DIVINE SECRETS OF THE YA-YA SISTERHOOD
Rebecca Wells's 1997 bestseller translates surprisingly well to the screen
under the hand of director Callie Khouri (who wrote the screenplay for
Thelma & Louise). This estrogen-addled tale follows four fast-aging
friends, one of whom has a pressure-cooked relationship with her playwright
daughter. After Sidda Lee Walker (a monotone, pouty Sandra Bullock) talks too
much to Time about her screwed-up childhood, all hell breaks loose on
the home front.
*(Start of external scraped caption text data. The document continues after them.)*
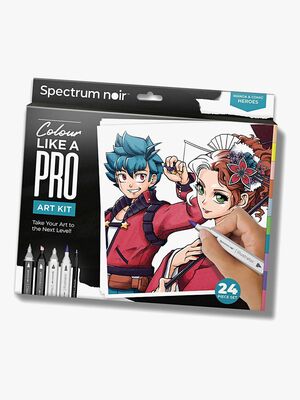 Spectrum Noir Illustrasjonssett Comic Book Hero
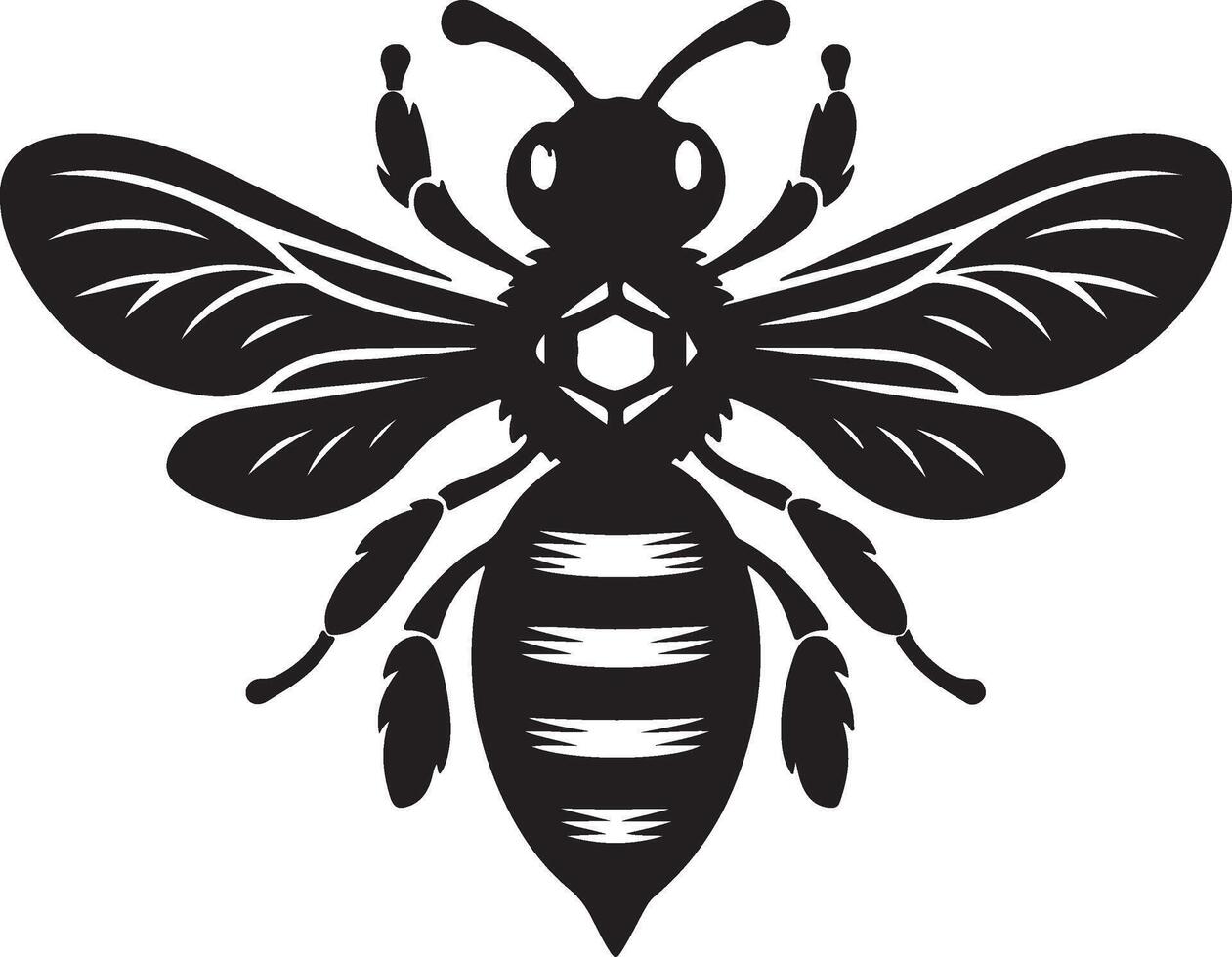 Stylized Bee Illustrations for Modern Design Themes vector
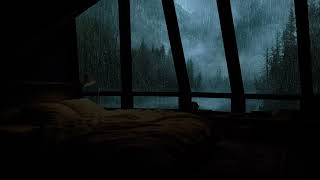 HEAVY RAIN at Night to Sleep  Powerful Rain to Block Noise Reduce Stress Relax  Relieve Stress [upl. by Etan]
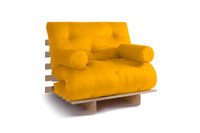 Canapé lit 90x200 - Slim Comfort Classic - Pascall Futon Jaune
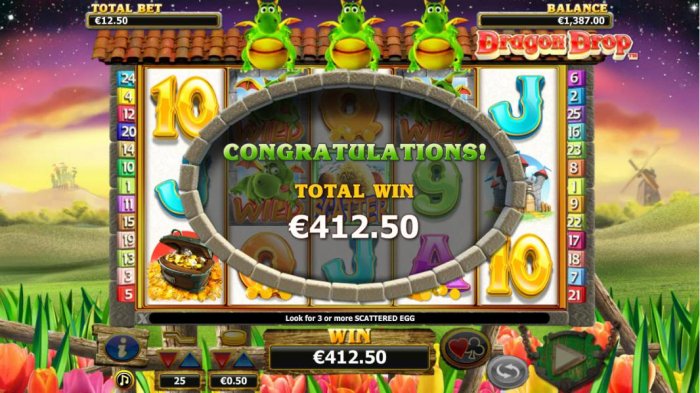 The free spins feature pays out a total prize award of $412 by All Online Pokies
Only mom's crew of friends, named the Ya-Yas, a curious
holdover from a fake-ethnic childhood club, can save the situation. They
highjack Sidda Lee and clue her in on the back story to the insanity of her
mother, Vivi (the elegant Ellen Burstyn), while an old keepsake album takes the
girls back and forth between the past and the present, between emotionally
charged memories and therapeutic resolution.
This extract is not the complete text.